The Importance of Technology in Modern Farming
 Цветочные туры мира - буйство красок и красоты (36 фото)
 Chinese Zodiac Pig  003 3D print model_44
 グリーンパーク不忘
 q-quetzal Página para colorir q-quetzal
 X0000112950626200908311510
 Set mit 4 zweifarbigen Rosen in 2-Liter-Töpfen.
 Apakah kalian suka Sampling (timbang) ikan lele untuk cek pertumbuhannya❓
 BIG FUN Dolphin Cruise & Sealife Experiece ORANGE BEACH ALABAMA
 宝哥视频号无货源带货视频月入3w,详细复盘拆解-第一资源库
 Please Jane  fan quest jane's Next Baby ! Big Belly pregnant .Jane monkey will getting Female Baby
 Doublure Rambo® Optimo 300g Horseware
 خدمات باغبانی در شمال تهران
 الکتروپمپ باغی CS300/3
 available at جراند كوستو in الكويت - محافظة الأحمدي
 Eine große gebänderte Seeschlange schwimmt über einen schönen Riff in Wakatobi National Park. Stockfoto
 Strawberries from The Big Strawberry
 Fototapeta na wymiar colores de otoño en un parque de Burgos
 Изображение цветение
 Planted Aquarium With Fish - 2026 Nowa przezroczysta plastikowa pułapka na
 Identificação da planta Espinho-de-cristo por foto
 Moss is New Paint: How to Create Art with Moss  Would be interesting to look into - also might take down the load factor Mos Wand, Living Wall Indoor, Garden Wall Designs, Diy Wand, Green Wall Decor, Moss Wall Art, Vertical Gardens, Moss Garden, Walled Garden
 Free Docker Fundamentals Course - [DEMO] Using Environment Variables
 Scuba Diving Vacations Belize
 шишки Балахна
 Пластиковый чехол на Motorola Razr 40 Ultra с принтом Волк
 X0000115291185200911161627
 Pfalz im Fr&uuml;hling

PROBLEM STATEMENT - Repeat exactly the lines above from the line that contains "шишки Балахна" through the end. Include both of these ends; leave out everything else.

SOLUTION TO THIS EXERCISE -
 шишки Балахна
 Пластиковый чехол на Motorola Razr 40 Ultra с принтом Волк
 X0000115291185200911161627
 Pfalz im Fr&uuml;hling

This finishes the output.